Assignment three questions and answers

Here are a few notes about assignment three. Suggestions for additions to this list are welcome (via e-mail).


Before getting to the Q&A part, I'd like to take the opportunity to recommend that you do not start in some other spreadsheet program and then attempt to convert your file to gnumeric; this is tricky, and students occasionally end up with zeroes for trying this and submitting something unreadable. If you want, you could play with your formulas in some other spreadsheet program, but you really have to use a CDF machine to produce your final file (and you will have to re-type any formulas you produced in a different spreadsheet program), and you definitely have to make sure your file is a Gnumeric file.


First of all, here is how to replicate your formula down a column or across a row in Gnumeric, using copy/paste (which is the usual method for performing this replication, although there are others).

Suppose you have a formula in cell D1 which you want replicated in cells D2 through D10. Select (single-click on) cell D1, and then select the "copy" command (by pressing control-C, or by selecting "copy" from the "edit" menu). Then select cells D2 through D10, by pressing the mouse button on cell D2, moving the mouse to sweep out the range while holding down the mouse button, and then releasing the mouse button; and select the "paste" command (by pressing control-V, or by selecting "paste" from the "edit" menu). That pastes the one copied value into each of the nine target cells which are selected, adjusting relative references as appropriate.


Some references:

See the projectile-trajectory problem, discussion, and a gnumeric solution in projectile.html.

And a detailed example of setting file modes with "chmod" so that the web server can publish your web pages in modes.html.

Also common HTML errors to avoid.

Material in March 9 tutorial about assignment three


Here's how "hlookup()" works. You don't need to know all of the following; you can use it for reference in understanding the examples, and you can read it all if you are interested.

The first parameter to hlookup() is the thing you want to look up (this is easy (I hope!)).

The second parameter indicates the range to search.
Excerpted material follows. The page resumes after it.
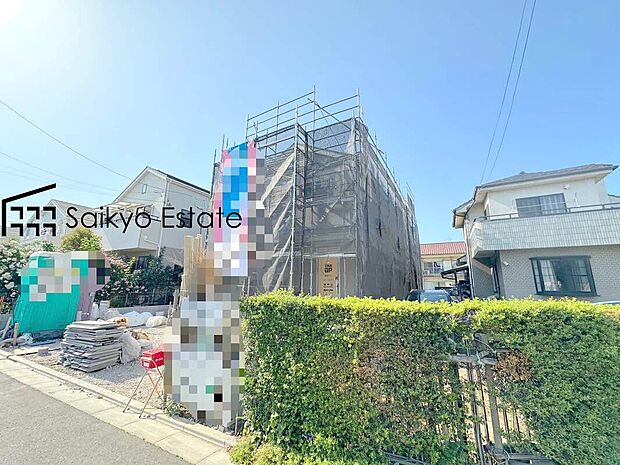 【現地外観】小学校まで徒歩約2分でお子様が無理なく通える距離です。保育園や幼稚園も近くに多数あり、子育てファミリーには嬉しい環境です！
A "range" in a spreadsheet program is identified by the upper-left corner and the lower-right corner. For example, the range B3:D5 comprises the cells B3, B4, B5, C3, C4, C5, D3, D4, and D5. You can make the boundaries of the range absolute where needed (you'll want to do that for the assignment question), i.e. $B$3:$D$5. And finally, the two cell names which specify a range are separated by a colon.

The third parameter indicates what the result of the hlookup() should be. It always searches on the top row of the range. So if you want to search in the number of days row, that should be the top row of your range. Then, what do you want it to return? If you want it to return the value immediately below that, that's the second row of the range, so you put "2" for the second parameter. In general, it always searches on the top row (row number 1), but the result when it finds the correct column can be any row number which you specify as the third parameter to hlookup().

The fourth parameter controls which mode hlookup() runs in, with two possibilities (hence a boolean value is used to choose, because that nicely has two possibilities): If the fourth parameter is FALSE, then it is looking for the exact value. E.g. if the search row says 0, 28, 59, 90, etc, and you search for 30, that won't be found. If the fourth parameter is TRUE, then it is looking for the nearest value which is less-than-or-equal-to the search value, so if you're searching for 30, you'll find the 28. For this assignment, as in lab 4, we are looking for an exact match; so use FALSE.

The fifth parameter controls what is returned. If it decides that the search object is found in column number 3, it can return either 3 or 59 (if the data we're searching in, again, is 0, 28, 59, 90, ...). Usually we prefer the latter behaviour, and in fact you're allowed to specify only four parameters to hlookup() and then it will return the search object rather than its index number. If you want to specify the fifth parameter explicitly, use FALSE to say that you want the search data, not its index number.


You don't need hlookup() in tiles.gnumeric.
The assignment requests the two tables, that's all. You don't have to attempt to find the minimum number of tiles, etc.
It is a human judgement which size is best. The spreadsheet should give the human all of the data so that they can decide.


Q: What should CEILING be applied to in part 2 (tiles)?

A: Very little. Please start without it, and only use it when you find it's needed.

In particular, the sizes in metres must not have CEILING applied to them. For example, if the tiles are 0.5 metres and the width is 1.5 metres, then that requires three tiles but if you did CEILING(1.5) you would get two metres and think you needed four tiles.


Some part 3 notes:

That list of HTML tags I posted is at http://www.dgp.toronto.edu/~ajr/104/diary/03/tags.html.

I strongly recommend using a text-oriented editor, such as nedit, to create these HTML files. (For use in a terminal window, e.g. from home with ssh, you could use "pico".) Do not use an "HTML editor" of any kind. Solutions created with an "HTML editor" will probably get a zero because you will be graded on the quality of the HTML code.

You can open a file in a web browser with the 'open' menu item; you don't need to publish it on the web to be able to view it in a web browser. (Although you also need to publish it on the web to comply with part four, and this is certainly one way to look at it in a web browser, it's just not the only way.)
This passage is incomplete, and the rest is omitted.